• _Data for analysis_
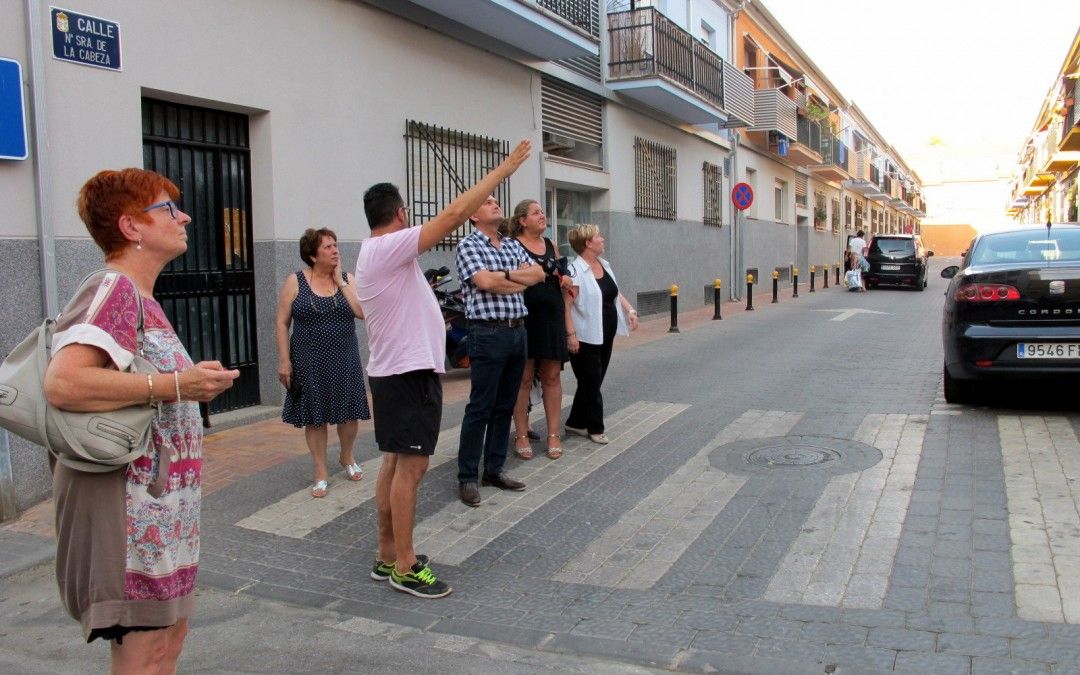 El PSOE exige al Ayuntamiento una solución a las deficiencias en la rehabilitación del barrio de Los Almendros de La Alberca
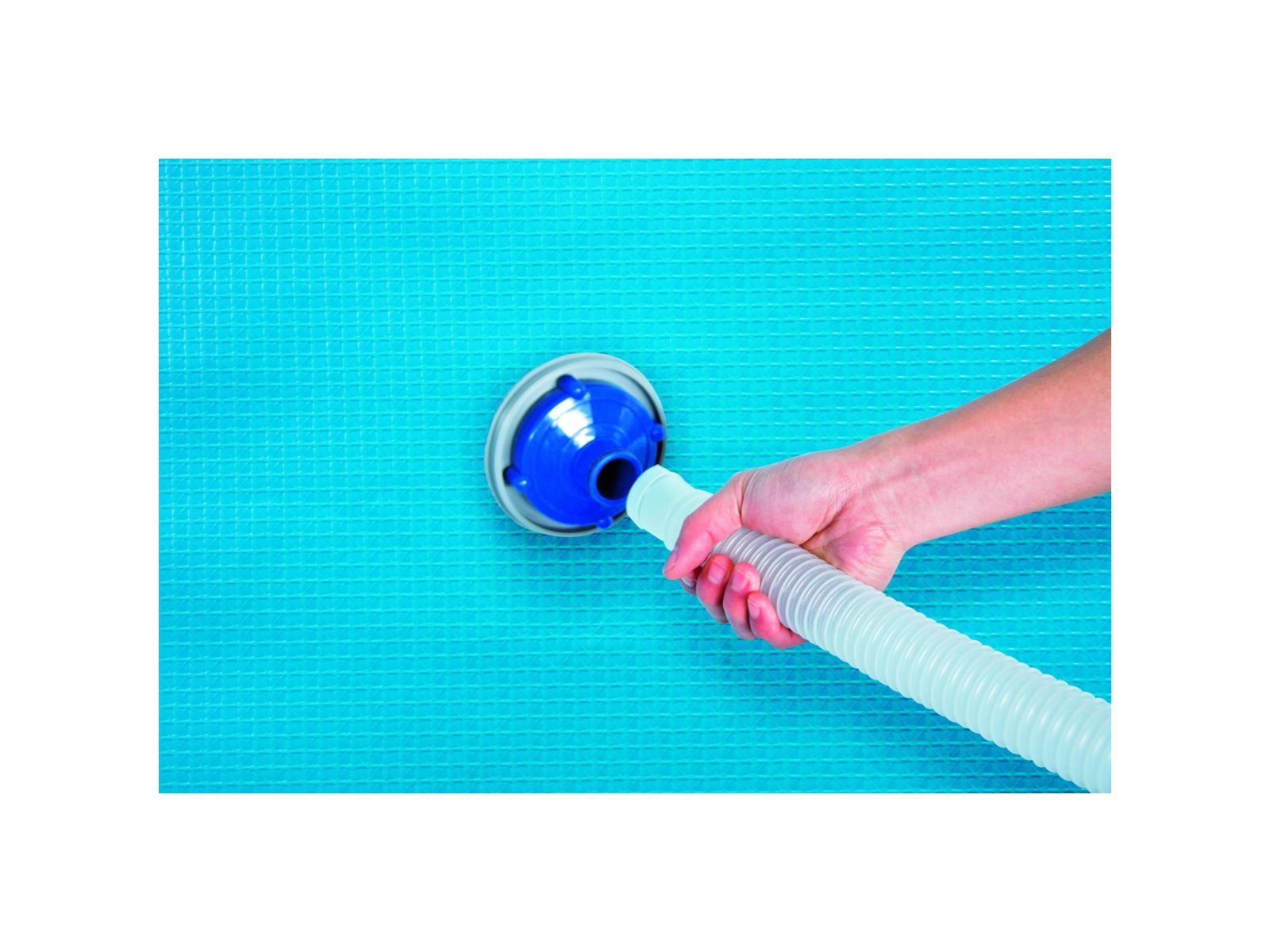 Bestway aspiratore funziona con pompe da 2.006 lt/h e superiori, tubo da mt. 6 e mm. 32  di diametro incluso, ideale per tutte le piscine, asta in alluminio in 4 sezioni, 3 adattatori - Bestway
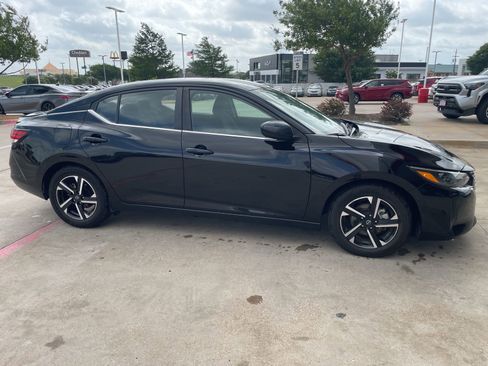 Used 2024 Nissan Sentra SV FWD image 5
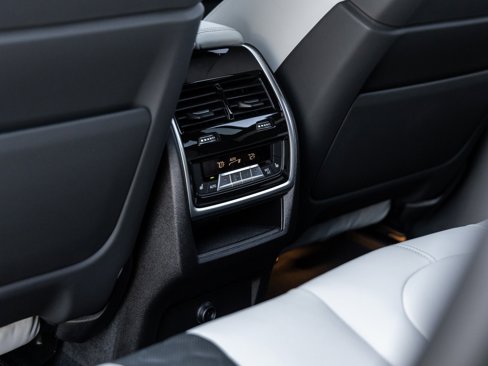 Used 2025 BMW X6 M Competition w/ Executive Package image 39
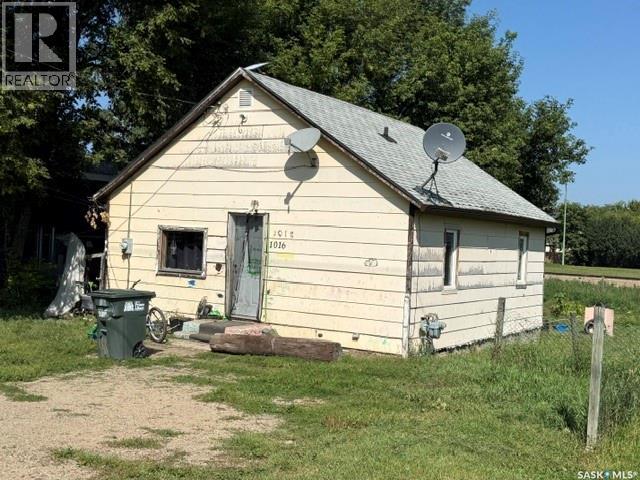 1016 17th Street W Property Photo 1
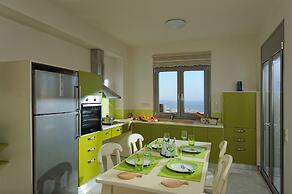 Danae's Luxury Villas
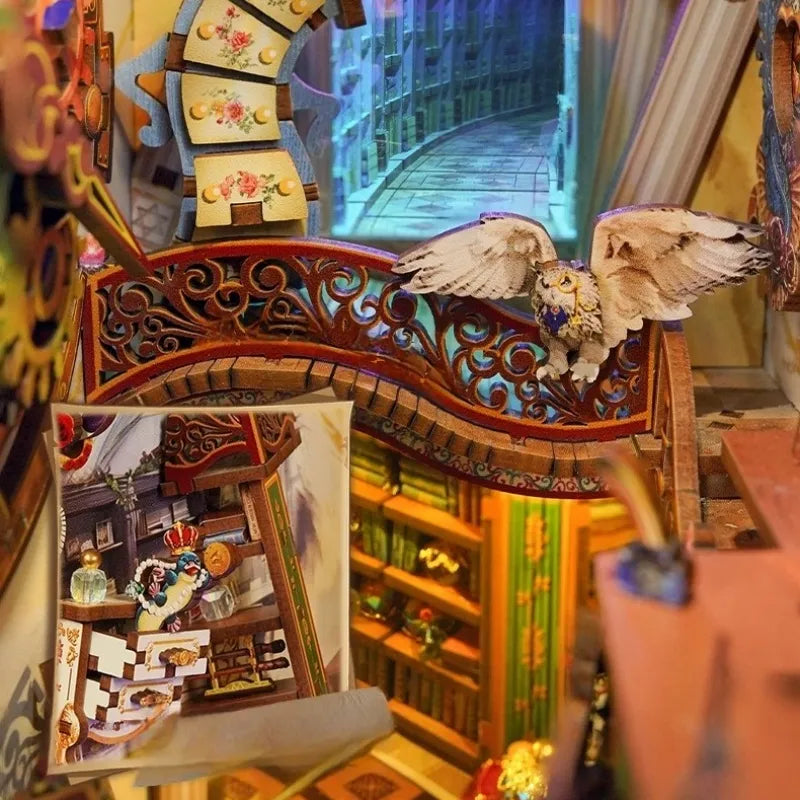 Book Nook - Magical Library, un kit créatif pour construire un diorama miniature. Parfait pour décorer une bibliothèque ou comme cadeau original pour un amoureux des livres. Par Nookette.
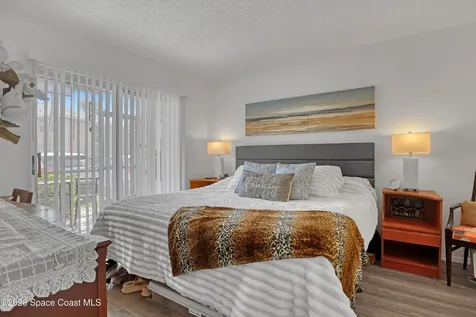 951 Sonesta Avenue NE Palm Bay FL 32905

==

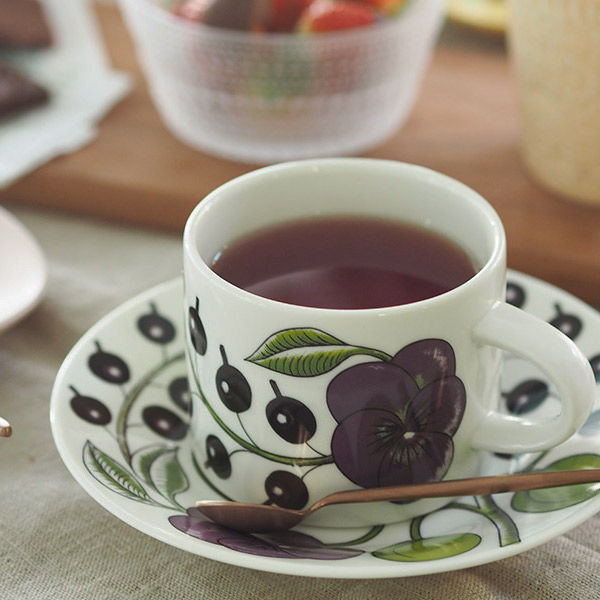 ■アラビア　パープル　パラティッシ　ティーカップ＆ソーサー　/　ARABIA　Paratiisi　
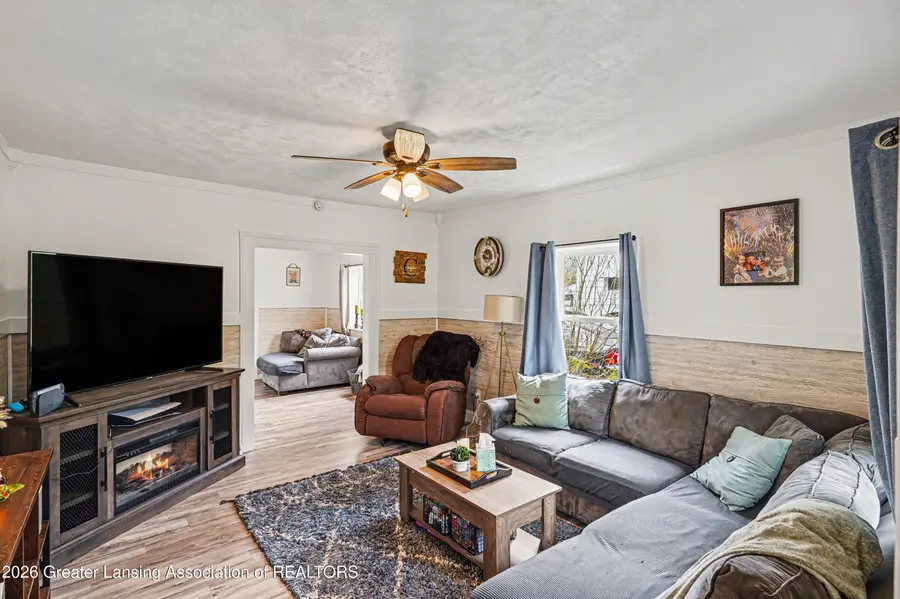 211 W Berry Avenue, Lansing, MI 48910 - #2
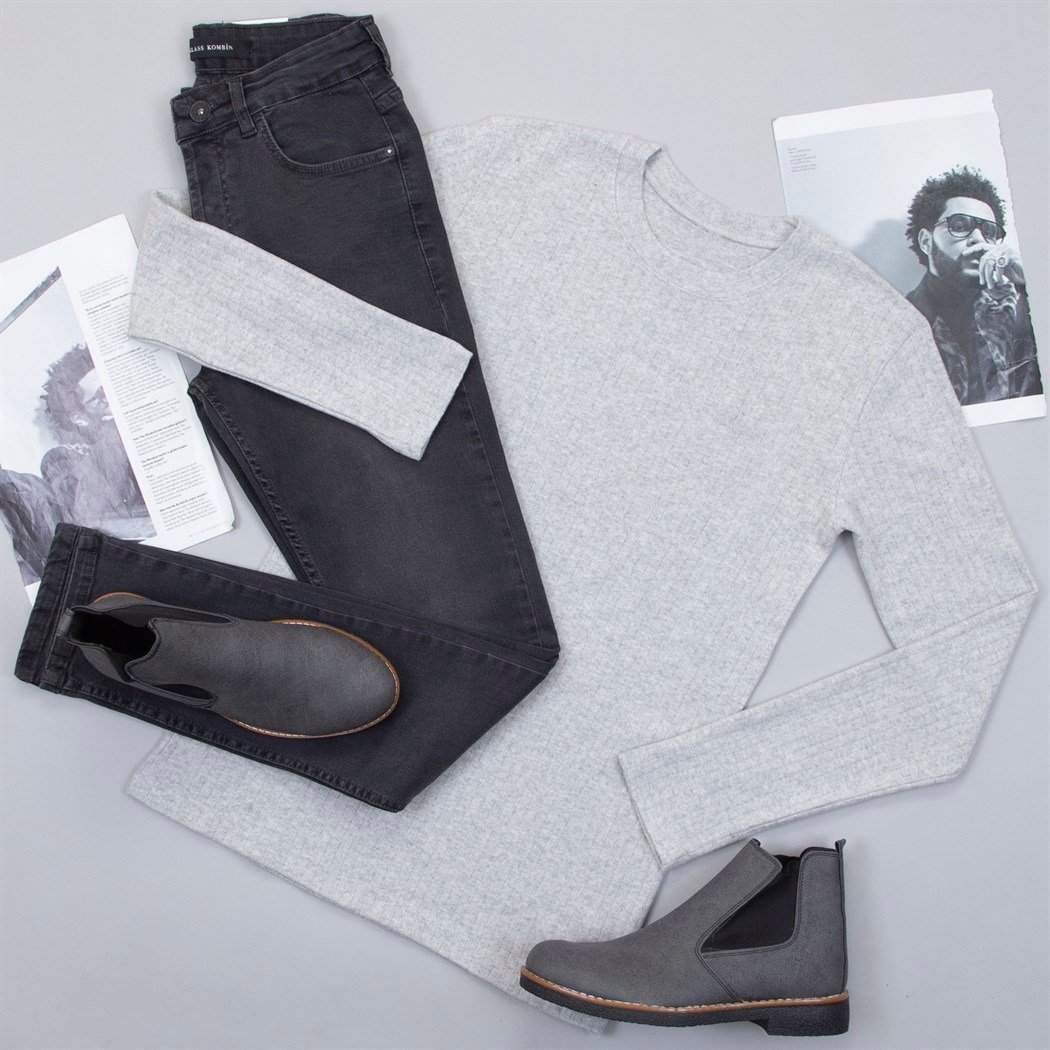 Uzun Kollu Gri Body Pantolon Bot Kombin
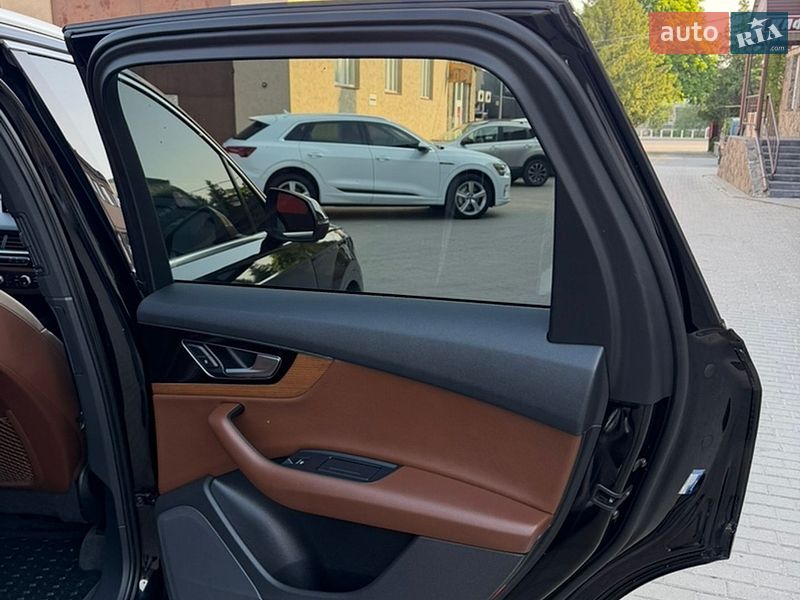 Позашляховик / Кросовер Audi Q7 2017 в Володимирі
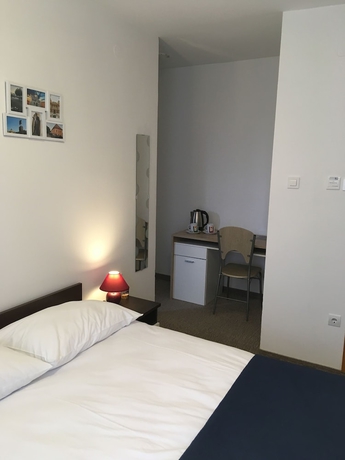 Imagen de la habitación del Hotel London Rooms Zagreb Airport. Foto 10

==

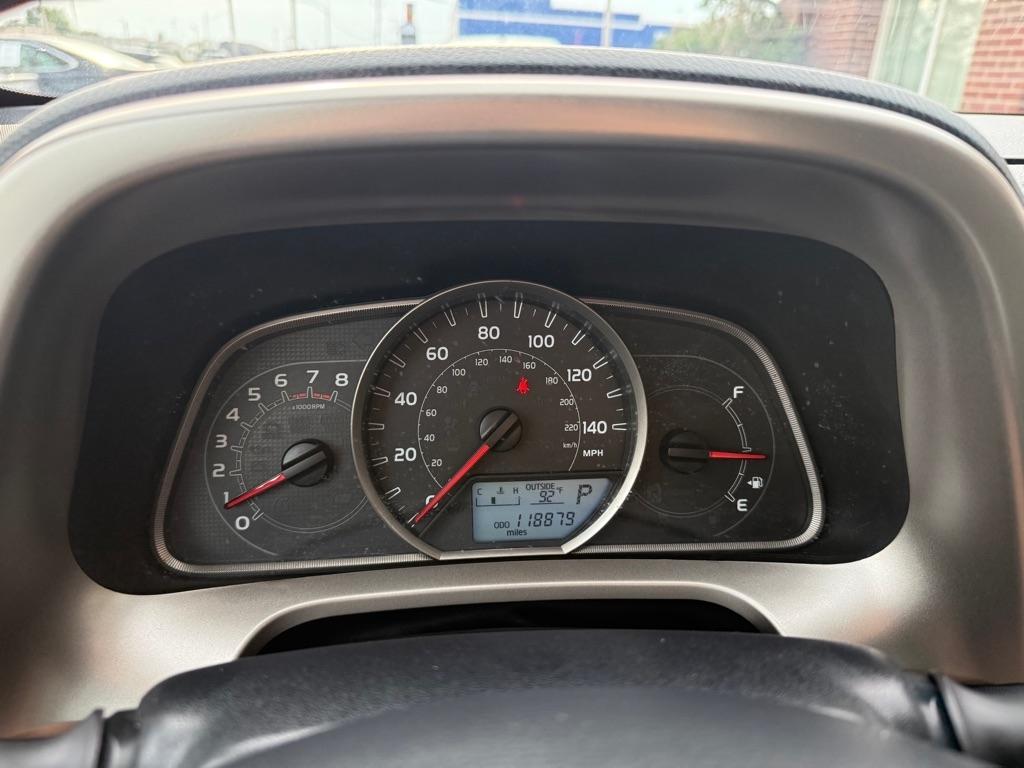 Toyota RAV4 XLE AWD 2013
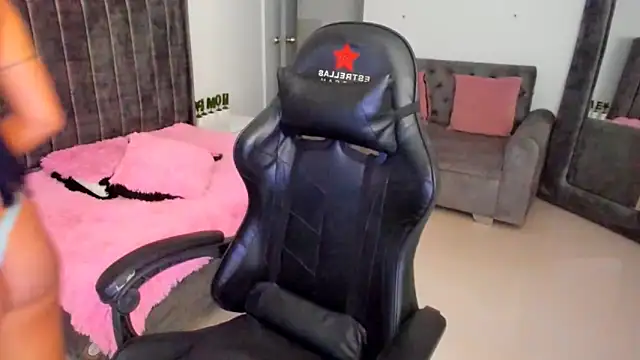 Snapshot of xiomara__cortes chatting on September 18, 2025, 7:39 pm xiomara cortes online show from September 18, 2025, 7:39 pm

• _Directions_
Transcribe only the lines above that start at the line containing "Позашляховик / Кросовер" and end at the line containing "Imagen de la". Omit pictures.

• _The completed task_
 Позашляховик / Кросовер Audi Q7 2017 в Володимирі
 Imagen de la habitación del Hotel London Rooms Zagreb Airport. Foto 10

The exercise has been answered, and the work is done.